◆ EXERCISE BRIEF
Look for the line that has "Women's Belt Fashion" in the material below; please repeat it and every line after it, exactly, up to and including the line that has "Charlotte Veste Femme", and nothing else.

◆ DATA EXCERPTS
+++++

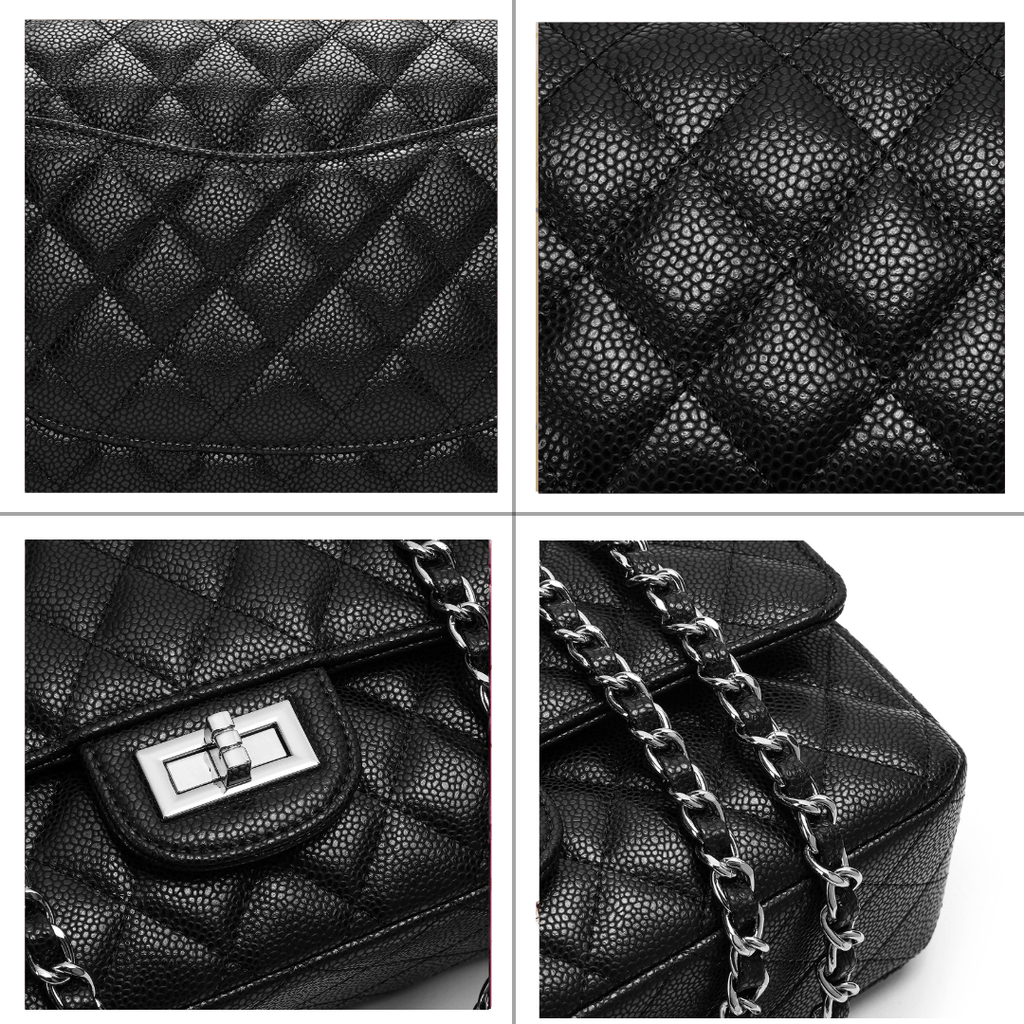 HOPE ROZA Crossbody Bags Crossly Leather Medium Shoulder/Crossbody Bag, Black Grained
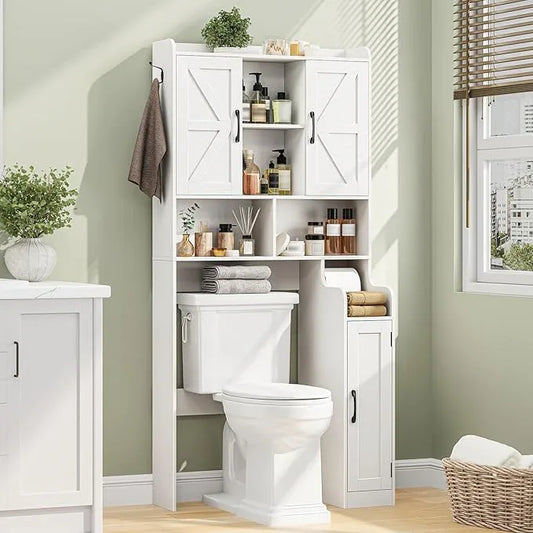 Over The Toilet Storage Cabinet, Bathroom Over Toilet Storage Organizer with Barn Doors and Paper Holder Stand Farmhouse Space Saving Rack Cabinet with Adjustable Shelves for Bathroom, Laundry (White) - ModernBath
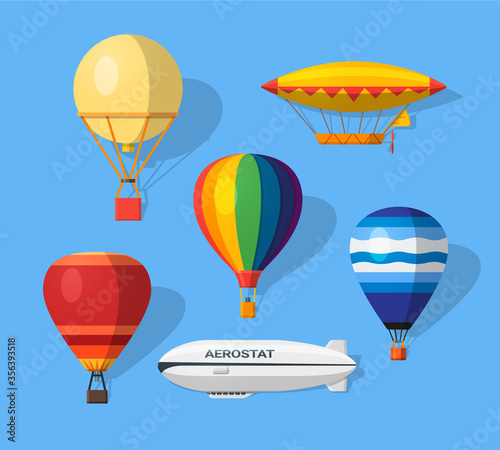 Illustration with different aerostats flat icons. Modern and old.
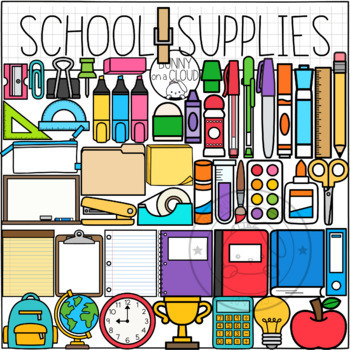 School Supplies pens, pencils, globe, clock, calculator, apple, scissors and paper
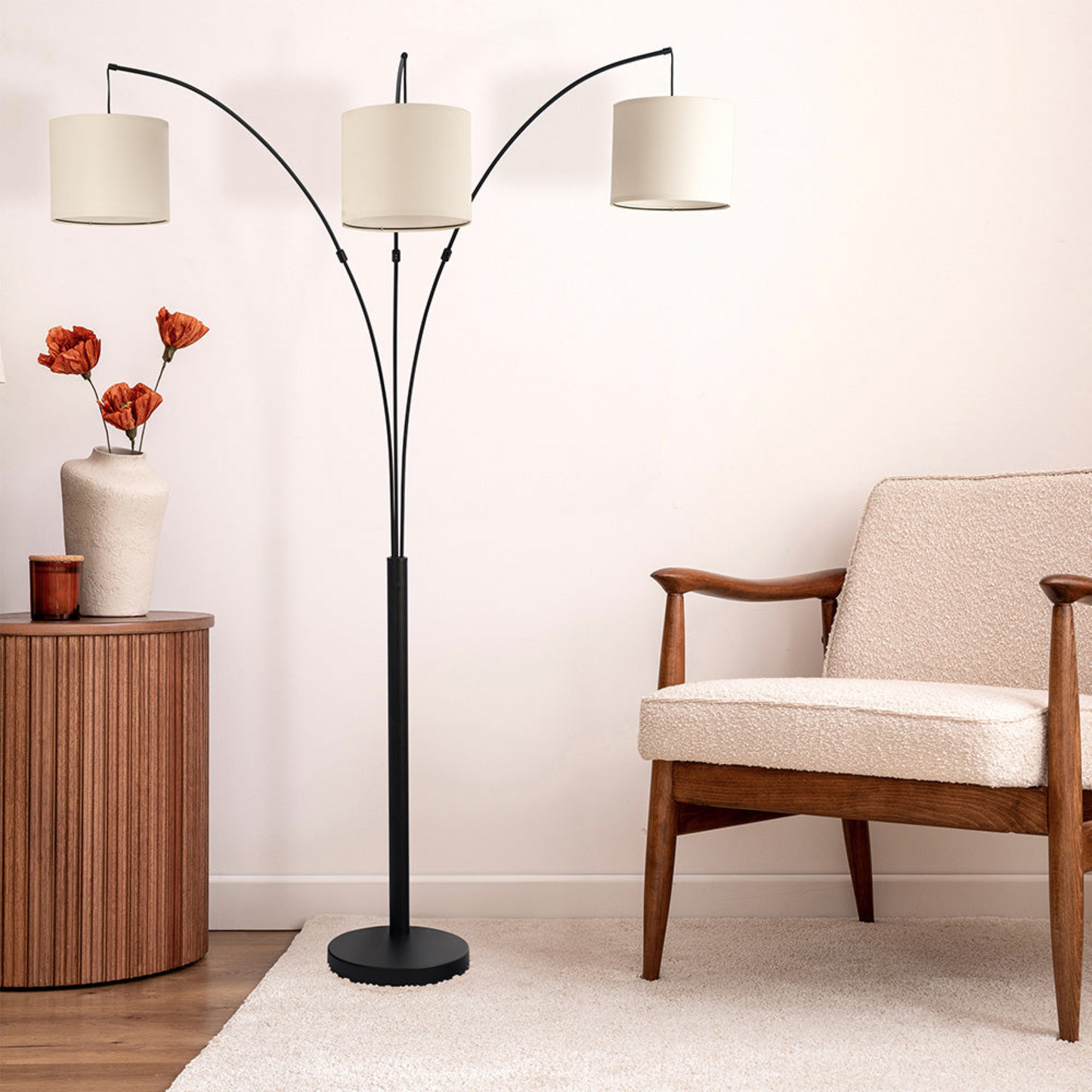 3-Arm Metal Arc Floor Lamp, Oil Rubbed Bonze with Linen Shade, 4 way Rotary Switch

+++++

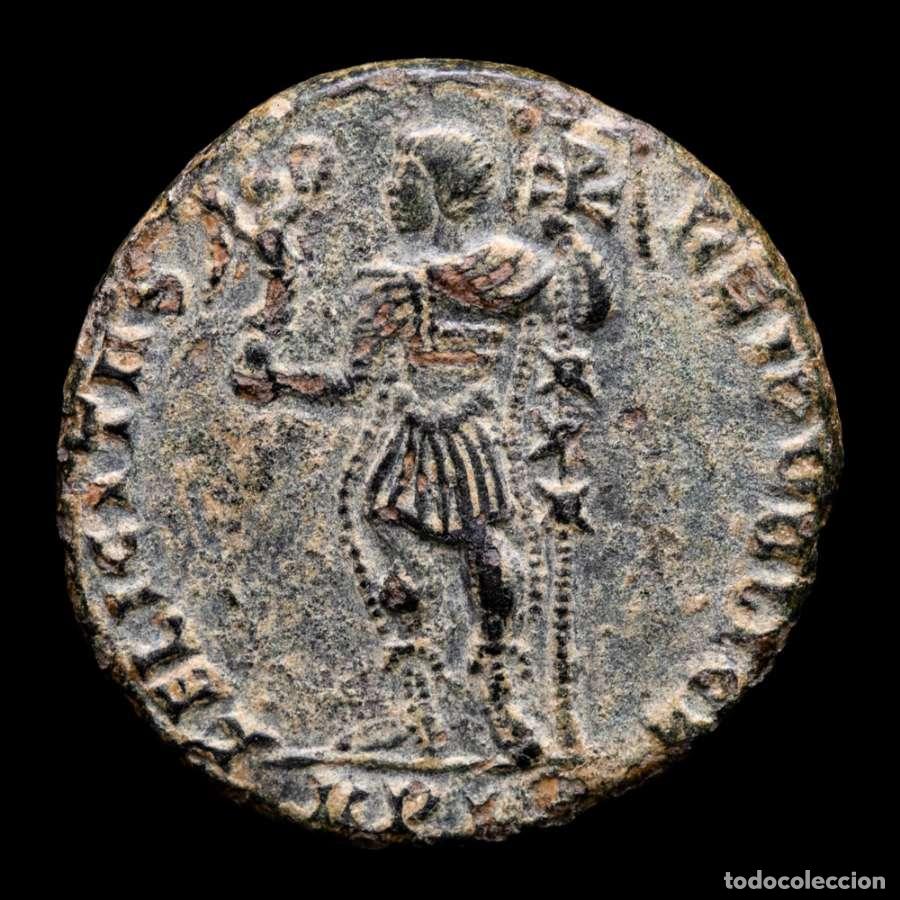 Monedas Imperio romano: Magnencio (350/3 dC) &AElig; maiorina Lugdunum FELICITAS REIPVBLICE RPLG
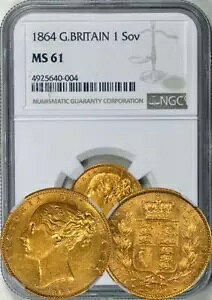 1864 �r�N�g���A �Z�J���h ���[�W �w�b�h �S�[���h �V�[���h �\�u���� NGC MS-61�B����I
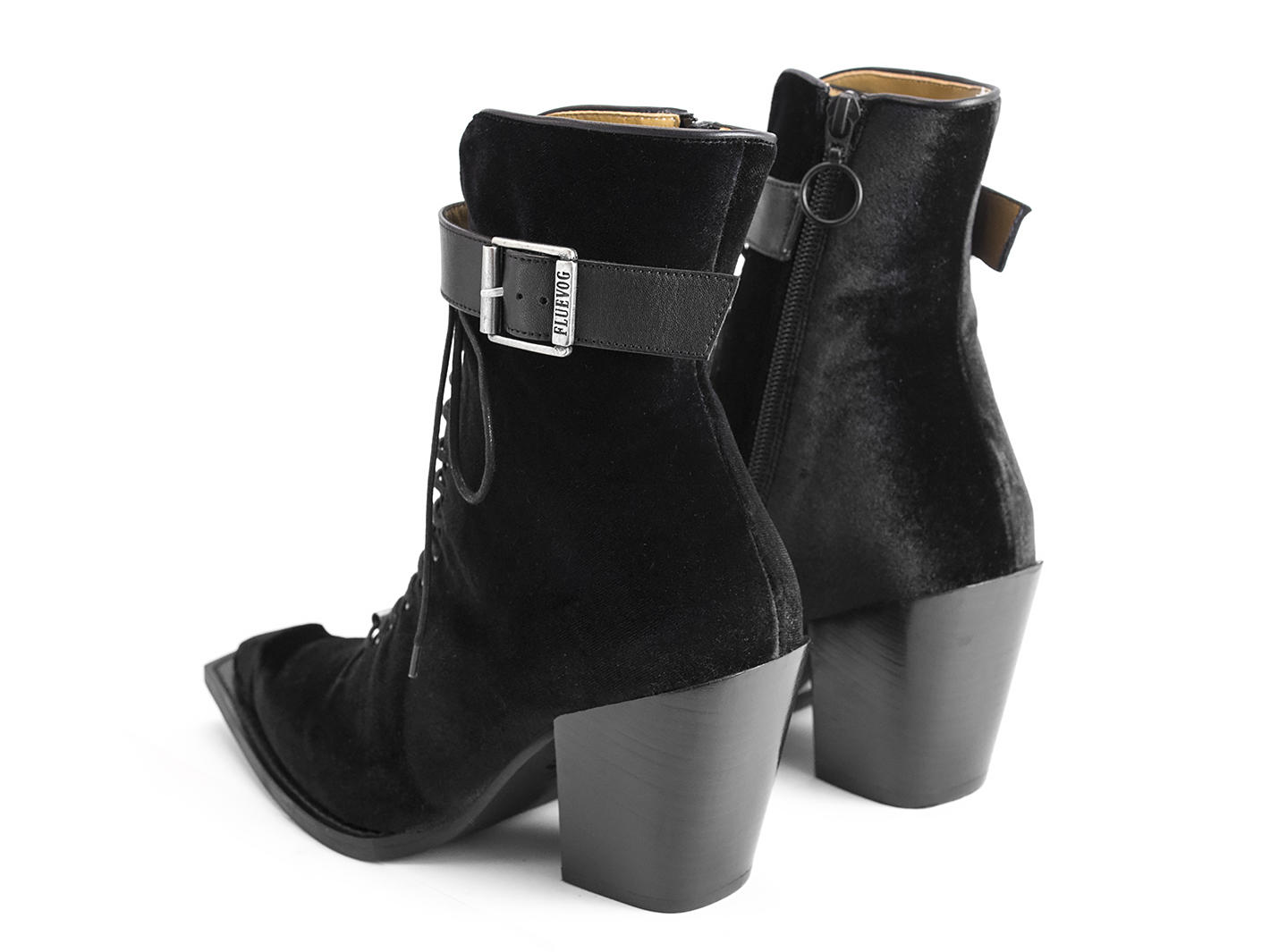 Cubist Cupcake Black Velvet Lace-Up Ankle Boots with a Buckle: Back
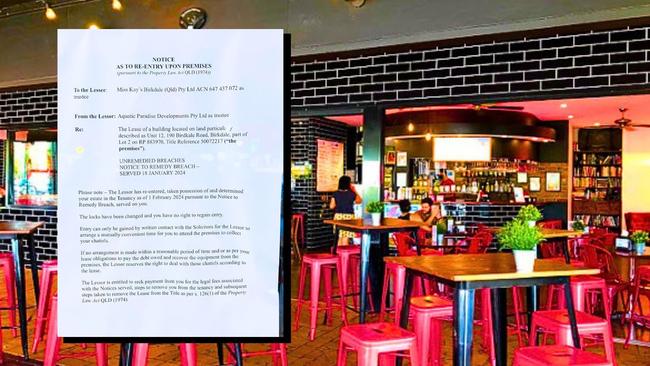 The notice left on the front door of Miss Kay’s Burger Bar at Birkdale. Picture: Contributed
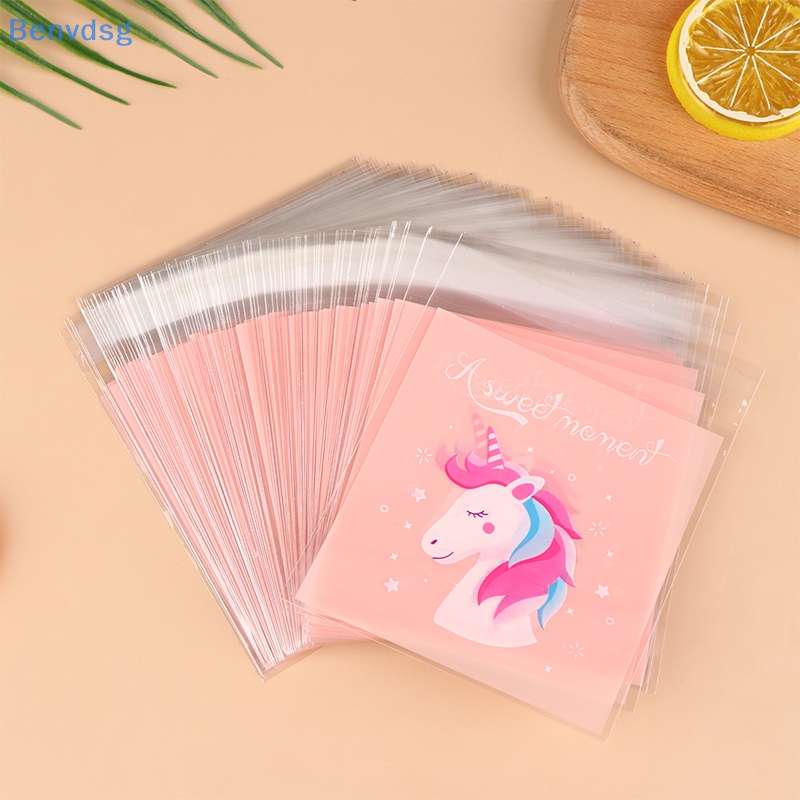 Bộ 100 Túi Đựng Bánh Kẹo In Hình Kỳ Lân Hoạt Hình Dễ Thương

+++++

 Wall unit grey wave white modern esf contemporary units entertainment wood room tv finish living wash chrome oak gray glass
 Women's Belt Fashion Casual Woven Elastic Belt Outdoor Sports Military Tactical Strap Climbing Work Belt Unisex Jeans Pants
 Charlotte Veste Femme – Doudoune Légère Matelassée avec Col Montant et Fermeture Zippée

+++++

◆ EXPECTED ANSWER
 Women's Belt Fashion Casual Woven Elastic Belt Outdoor Sports Military Tactical Strap Climbing Work Belt Unisex Jeans Pants
 Charlotte Veste Femme – Doudoune Légère Matelassée avec Col Montant et Fermeture Zippée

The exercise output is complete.